Open Ashutosh1995 opened 3 months ago
Also in the training code, you are using point coordinates, what if I want to use boxes as prompts during custom dataset training?
Hi @Ashutosh1995 ,
Thanks a lot @czg1225 for your reply! Let me have a look at this issue and see if I can replicate it on my dataset.
@czg1225 thanks for your help, I was able to train the model using box prompts. My custom dataset has 1306 training images and 293 validation images. During inference also, I supplied box prompts and my output looks like this
I wanted to segment the bottom card alone but in my instances I am getting the card on the top as well.
Can you please suggest what should I do to improve this?
Hi @Ashutosh1995 , I don't know which model you used for the inference phase. If you're using your own trained SlimSAM, I recommend you to further training for more iterations or reduce the pruning ratio. On the other hand, if you're employing our pre-trained SlimSAM, it would be advantageous to utilize more precise bounding boxes (A box that completely surrounds the bottom card). The current box prompt used may pose challenges in achieving the desired outcomes, a difficulty that might persist even when using the original SAM-H model.
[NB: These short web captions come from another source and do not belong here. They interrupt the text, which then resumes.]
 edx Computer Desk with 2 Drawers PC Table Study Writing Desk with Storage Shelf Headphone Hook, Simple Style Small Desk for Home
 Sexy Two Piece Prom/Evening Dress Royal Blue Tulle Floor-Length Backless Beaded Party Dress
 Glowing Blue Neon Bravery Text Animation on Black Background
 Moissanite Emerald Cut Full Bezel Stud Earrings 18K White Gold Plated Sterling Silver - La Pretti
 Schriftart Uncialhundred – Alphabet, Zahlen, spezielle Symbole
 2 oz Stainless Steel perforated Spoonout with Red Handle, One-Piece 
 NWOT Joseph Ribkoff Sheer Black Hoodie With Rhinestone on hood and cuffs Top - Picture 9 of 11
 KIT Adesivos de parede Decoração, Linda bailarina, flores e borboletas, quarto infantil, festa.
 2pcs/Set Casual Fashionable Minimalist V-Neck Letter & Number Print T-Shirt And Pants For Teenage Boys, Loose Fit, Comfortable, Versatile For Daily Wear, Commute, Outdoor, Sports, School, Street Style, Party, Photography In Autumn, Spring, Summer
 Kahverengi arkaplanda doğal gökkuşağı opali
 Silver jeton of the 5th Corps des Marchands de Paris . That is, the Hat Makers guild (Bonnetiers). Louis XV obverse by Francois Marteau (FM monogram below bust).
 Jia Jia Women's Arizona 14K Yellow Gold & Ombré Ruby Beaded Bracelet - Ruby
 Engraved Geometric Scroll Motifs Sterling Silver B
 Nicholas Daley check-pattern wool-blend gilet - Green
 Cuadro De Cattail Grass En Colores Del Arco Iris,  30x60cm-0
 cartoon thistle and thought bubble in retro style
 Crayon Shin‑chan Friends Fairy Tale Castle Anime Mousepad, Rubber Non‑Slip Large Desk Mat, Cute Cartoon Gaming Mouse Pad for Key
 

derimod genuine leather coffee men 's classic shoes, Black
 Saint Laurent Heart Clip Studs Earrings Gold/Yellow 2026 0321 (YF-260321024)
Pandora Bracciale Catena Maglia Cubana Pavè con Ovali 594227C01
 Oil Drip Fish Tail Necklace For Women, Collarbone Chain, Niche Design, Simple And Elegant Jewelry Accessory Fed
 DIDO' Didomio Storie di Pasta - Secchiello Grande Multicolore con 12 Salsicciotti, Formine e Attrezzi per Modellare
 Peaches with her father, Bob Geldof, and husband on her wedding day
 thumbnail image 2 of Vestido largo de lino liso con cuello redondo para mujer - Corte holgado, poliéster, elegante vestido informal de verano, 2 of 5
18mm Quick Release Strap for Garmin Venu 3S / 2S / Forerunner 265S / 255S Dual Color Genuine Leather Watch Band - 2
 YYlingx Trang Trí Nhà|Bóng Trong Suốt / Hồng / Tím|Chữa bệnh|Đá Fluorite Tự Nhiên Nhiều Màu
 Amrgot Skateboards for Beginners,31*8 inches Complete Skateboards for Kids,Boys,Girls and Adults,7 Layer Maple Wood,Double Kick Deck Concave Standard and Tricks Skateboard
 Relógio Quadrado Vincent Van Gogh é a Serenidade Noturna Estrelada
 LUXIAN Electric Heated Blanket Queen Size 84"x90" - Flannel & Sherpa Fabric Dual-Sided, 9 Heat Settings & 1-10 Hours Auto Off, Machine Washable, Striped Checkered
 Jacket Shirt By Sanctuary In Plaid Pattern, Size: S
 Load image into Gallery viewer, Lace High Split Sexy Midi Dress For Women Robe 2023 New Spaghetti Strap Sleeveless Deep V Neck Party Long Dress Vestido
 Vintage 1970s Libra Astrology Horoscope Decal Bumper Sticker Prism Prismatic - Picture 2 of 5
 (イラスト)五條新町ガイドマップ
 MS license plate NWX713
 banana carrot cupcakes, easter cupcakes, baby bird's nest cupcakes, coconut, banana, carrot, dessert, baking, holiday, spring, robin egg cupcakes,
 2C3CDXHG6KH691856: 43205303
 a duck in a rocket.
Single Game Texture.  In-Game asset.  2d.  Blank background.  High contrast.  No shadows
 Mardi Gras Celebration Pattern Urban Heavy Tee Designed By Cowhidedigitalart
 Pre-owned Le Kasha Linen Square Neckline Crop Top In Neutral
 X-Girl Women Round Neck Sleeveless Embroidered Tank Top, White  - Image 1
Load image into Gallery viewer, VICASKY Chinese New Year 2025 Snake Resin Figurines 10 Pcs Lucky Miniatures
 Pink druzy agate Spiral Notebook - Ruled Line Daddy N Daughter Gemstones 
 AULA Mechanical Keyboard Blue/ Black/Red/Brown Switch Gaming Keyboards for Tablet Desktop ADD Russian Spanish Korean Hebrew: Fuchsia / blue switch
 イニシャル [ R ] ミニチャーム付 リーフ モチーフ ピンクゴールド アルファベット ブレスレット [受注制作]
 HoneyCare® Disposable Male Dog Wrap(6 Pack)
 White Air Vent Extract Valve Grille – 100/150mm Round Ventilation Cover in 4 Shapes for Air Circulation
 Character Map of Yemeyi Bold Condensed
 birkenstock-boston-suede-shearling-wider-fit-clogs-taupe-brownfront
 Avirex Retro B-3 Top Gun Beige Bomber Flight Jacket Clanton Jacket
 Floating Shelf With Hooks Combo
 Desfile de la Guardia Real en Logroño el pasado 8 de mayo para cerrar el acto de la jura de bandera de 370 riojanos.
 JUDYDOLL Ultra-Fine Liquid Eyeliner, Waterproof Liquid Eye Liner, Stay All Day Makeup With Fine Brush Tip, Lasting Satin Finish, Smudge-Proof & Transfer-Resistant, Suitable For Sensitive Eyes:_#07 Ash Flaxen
Another possible solution is to use the prompt which combines the point and box. You can find more details about the combination prompt in SAM's notebook: https://github.com/facebookresearch/segment-anything/blob/main/notebooks/predictor_example.ipynb
Thanks for your reply @czg1225. With default settings, I trained SlimSAM on my custom dataset with 0.5 as pruning ratio. I was also thinking of reducing the pruning ratio and training for more iterations. How much would you recommend given that I have an image containing multiple stack of cards placed on top of each other?
I was also getting an idea that point prompt in this case would make more sense. Let me try that also with both the prompts.
Before you train the SlimSAM, I recommend you use the original SAM to infer with the same prompt and see if this bad case still exists. If the original SAM performs well under the same prompt then reducing the pruning ratio is useful. Conversely, if the original SAM also underperforms, reducing the pruning ratio may not lead to improvements.
This is the output from the SAM model using only the box prompt using ViT-H model.
Through SlimSAM, can we use both box and point prompts both to train the model as you had suggested earlier ?
I also tried using https://github.com/luca-medeiros/lightning-sam but I think the same issue will persist over there as well right?
Thanks a lot @czg1225 for your valuable feedback! Let me adjust the data accordingly and get back to you. Please keep this thread open!
@czg1225 is it possible to train with both boxes and points and infer the model with just boxes and still attain good masks?
@Ashutosh1995 , the training process of SlimSAM conducts knowledge distillation on the image embedding of the image encoder. So the training process needs no prompts, only the validation phase needs prompts. As a result, you won't meet problems when infering with box prompt or point prompt.
That means @czg1225 that if I give the box prompt only or if I give the box + point prompt combined, the performance would remain the same?
@Ashutosh1995 In a nutshell, different prompts only affect the inference phase but not the training phase. So if you use a more accurate prompt, you may have a better result in the inference phase. But you do not need to think about the prompt when you train the SlimSAM.
@czg1225 thanks a lot for answering all the doubts I had. Let me also try with both the SlimSAM and Lightning-SAM model to see if both the point and box prompts help me in this case!
Hi @czg1225
Thanks for this repo!
Can you please tell how can I do batch prompting by giving multiple boxes as prompts to the model?
Right now, predict function takes one numpy array of length 4
Also can you please clarify that for custom dataset training, does each image file should have a corresponding json or a single json for the whole folder is enough since I am getting this error. I have se gradsize to be 100 and 1000. My training images are 1306 and validation are 293.